Figure 7.

Zebrafish Dr.poc1B morphants exhibit ciliopathy defects. (A) Dr.poc1B morphants (DrPoc1B MO) display smaller eyes, heart edemas (red arrow), mislocalized melanocytes (green arrow), truncated bodies, and kidney cysts (white arrow) at 4 d post fertilization (dpf). Bars, 0.5 mm. (B) Cilia (green) of Dr.poc1B morphant embryos at 48 hpf are disorganized and appear shorter within the pronephretic duct (PND) and are expanded within the posterior neural tube (NT). Short cilia were visible in the KV at 12 hpf (Dr.poc1BATG MO, 3.6 ± 0.9 µm; Dr.poc1BSPL MO, 3.6 ± 0.9 µm; control, 6.2 ± 0.8 µm; n > 100; P < 0.001). Bars: (top) 10 µm; (middle) 25 µm; (bottom) 5 µm. (C) Heart laterality defects were observed in Dr.poc1B morphants at 48 hpf. Using in situ hybridization to cmlc2, heart loops were visualized in flat-mounted sections. The ratios indicate the relative frequency of heart positioning.
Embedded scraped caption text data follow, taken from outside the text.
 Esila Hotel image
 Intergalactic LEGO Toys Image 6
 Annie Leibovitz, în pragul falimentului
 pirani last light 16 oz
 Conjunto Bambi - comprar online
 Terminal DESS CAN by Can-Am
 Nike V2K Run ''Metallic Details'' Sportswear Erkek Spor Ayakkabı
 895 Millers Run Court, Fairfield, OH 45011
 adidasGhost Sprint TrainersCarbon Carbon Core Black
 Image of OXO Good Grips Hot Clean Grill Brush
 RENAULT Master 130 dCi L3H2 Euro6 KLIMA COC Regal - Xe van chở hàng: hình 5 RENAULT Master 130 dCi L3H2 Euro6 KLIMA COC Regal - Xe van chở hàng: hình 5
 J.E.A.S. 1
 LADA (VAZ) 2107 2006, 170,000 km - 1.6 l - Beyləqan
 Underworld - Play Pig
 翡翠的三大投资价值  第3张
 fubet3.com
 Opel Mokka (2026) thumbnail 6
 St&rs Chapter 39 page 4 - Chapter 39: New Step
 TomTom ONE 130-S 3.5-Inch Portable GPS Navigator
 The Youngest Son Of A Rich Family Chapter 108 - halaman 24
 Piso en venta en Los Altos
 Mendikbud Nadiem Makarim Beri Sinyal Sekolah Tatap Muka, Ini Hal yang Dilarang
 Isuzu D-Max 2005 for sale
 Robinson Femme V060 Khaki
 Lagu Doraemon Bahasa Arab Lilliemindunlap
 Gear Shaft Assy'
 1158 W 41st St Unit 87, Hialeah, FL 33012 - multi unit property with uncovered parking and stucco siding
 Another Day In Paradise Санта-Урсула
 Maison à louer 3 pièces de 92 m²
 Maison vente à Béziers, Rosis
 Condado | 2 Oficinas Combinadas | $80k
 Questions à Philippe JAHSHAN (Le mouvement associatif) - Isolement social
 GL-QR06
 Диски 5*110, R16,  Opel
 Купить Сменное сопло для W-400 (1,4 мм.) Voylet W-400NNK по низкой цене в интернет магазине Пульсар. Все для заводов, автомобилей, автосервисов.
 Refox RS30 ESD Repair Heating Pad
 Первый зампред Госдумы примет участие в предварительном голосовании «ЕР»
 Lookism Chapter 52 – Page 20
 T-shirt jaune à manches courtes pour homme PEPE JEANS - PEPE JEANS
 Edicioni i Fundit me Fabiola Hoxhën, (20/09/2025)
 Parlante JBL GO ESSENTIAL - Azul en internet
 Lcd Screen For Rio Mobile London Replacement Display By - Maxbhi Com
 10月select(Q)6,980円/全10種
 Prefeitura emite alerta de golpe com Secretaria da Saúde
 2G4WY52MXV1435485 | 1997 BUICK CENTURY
Bar, 0.5 mm. (D) Fish were stained with Alcian blue to visualize cartilage and bone. Morphants displayed craniofacial abnormalities consistent with the ciliopathy phenotype. Dr.poc1B morphants exhibit pharyngeal arch and jaw defects at 6 d post fertilization. PQ, palatoquadrate; M, Meckel's cartilage; CH, ceratohyal; VPA, visceral pharyngeal arches. Bar, 0.5 mm.